Linus Lüssing <linus.luessing(a)c0d3.blue> wrote:
This only happens upon sending a SIGTERM to the network manager
"netifd" (so upon network shutdown). And only if the node is connected
to mesh of reasonable size, so if there is a certain amount of
multicast traffic for the multicast-to-multi-unicast patch to work on.
Does this still trigger when you do
nf_reset(newskb);
after skb_copy()?
One difference is that the broadcast flooding adds a bit of
delay between each transmission. Which the multicast-to-multi-unicast
doesn't.
Are those transmits done asynchronously?
conntrack assumes exclusive access to skb->nfct if the conntrack
entry isn't in main hash table.
(i.e, when nf_ct_is_confirmed returns false).

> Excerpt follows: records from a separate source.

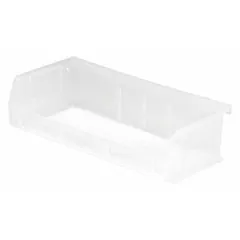 Clear plastic bin for organizing small parts, components, and hardware. Hang-and-stack design allows placement on louvered panels or shelving. Includes label holder for content identification. Not electrostatic discharge conductive. Contains 0% recycled content.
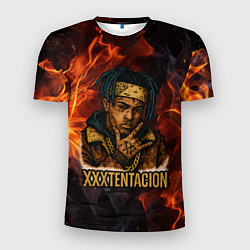 Футболка спортивная мужская XXXTentacion на фоне огня, цвет: 3D-принт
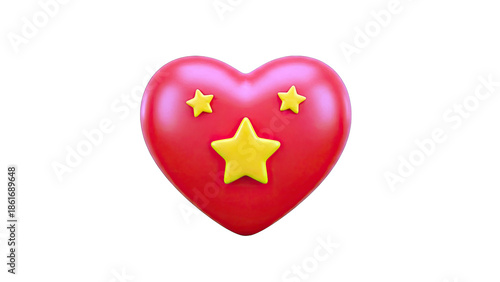 3D Red Heart with Yellow Stars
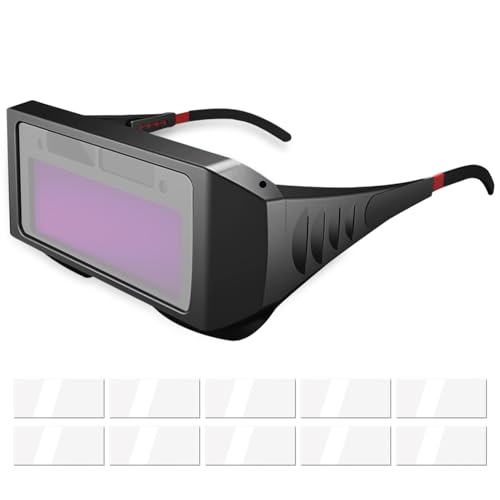 Nizirioo Schweißbrille Einstellbare Schweißeraugenbrille Schweißerbrille: Solarbetriebene Schweißerbrille mit automatischer Verdunkelung, Schweißgläse Blendschutz Profi für Elektrisches Schweißen von Nizirioo
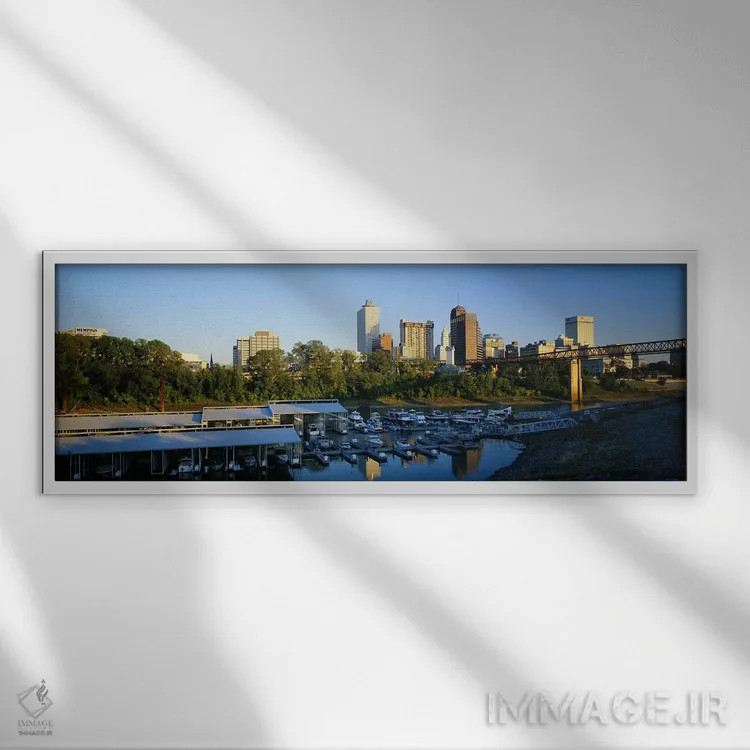 تابلو دکوراتیو Tennessee, USA,شهر در غروب، ممفیس، تنسی، آمریکا اثر پانورامیک ایمجز - نمای قابدار سفید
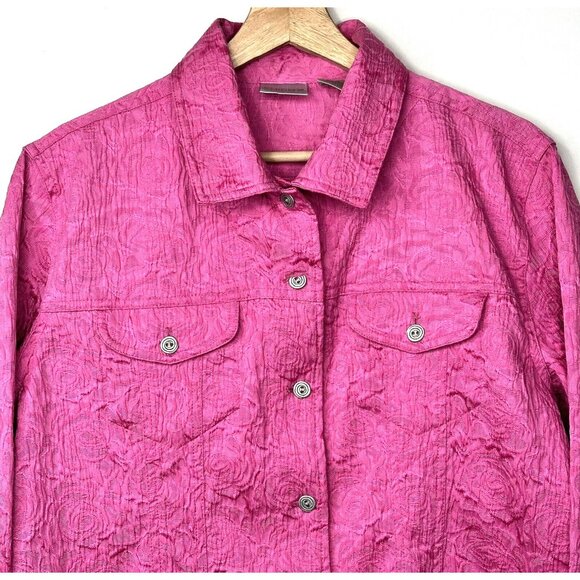 Chico's Womens Jacket Fitted Textured Pink Rose Silver Swirl Buttons Size 2 - Picture 3 of 11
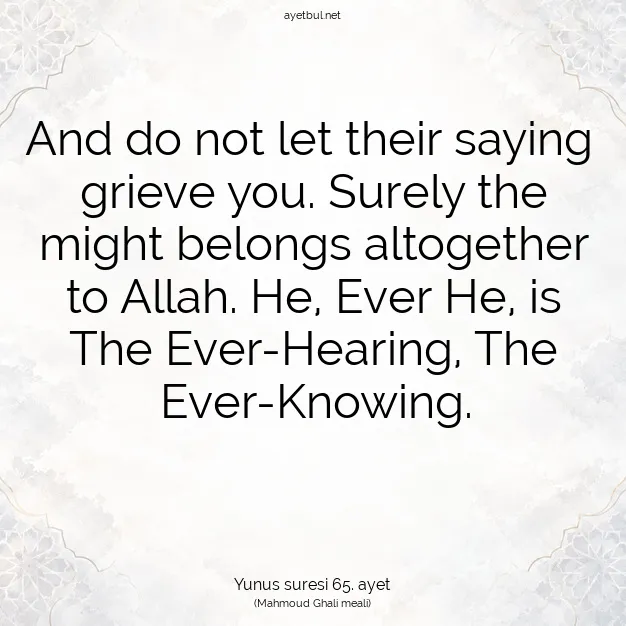Ayetbul | Kuran Mealleri | Quran | Yunus suresi 65. ayet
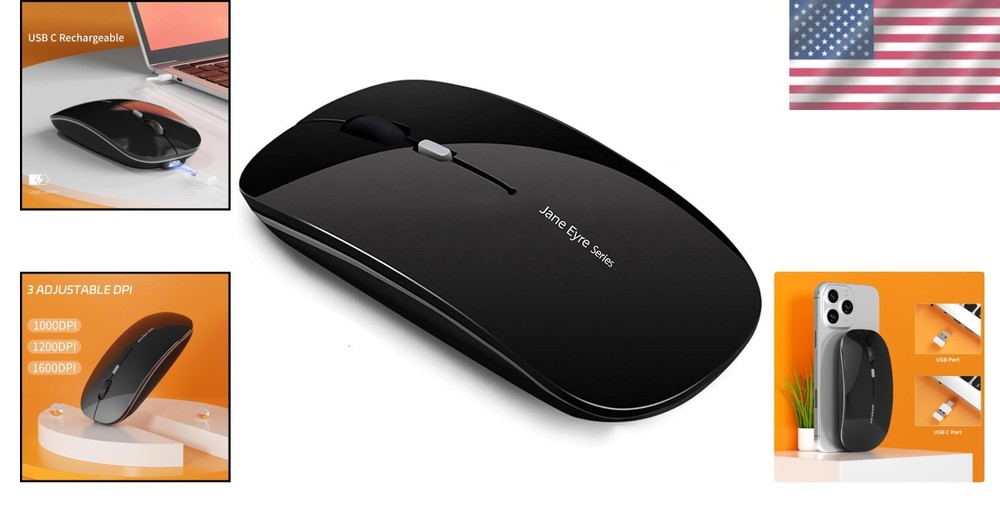 Compact Optical Wireless Mouse - USB Type C Adapter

"In nfqueue, two consecutive skbuffs may race to create the
conntrack
entry. Hence, the one that loses the race gets dropped due to clash in
the insertion into the hashes from the nf_conntrack_confirm() path."
This patch is only part of >= 4.18, so not part of the firmware we use
yet. Could this issue somehow be related?
Possible, but I don't think its likely.
In the nfquee case there is asynchronous processing, but
no skb can share the same conntrack entry unless the entry is already
in the conntrack hash table.
Other than that I was wondering whether we might be missing to
reset something after skb_copy()-ing. We do a "skb->protocol =
htons(ETH_P_BATMAN)" right before the dev_queue_xmit(skb) call in
batman-adv which sends the encapsulated frame into the
mesh. And we do a nf_reset(skb) after decapsulating a frame
received from the mesh. But maybe that is not enough?
I suggest nf_reset() on xmit, if you can be sure that the xmit
won't occur back-to-self (netns case is fine, as skb scrubbing
resets skb nfct anyway) and the skb isn't on a rexmit list somewhere.
(clone is fine, only shared skb would break).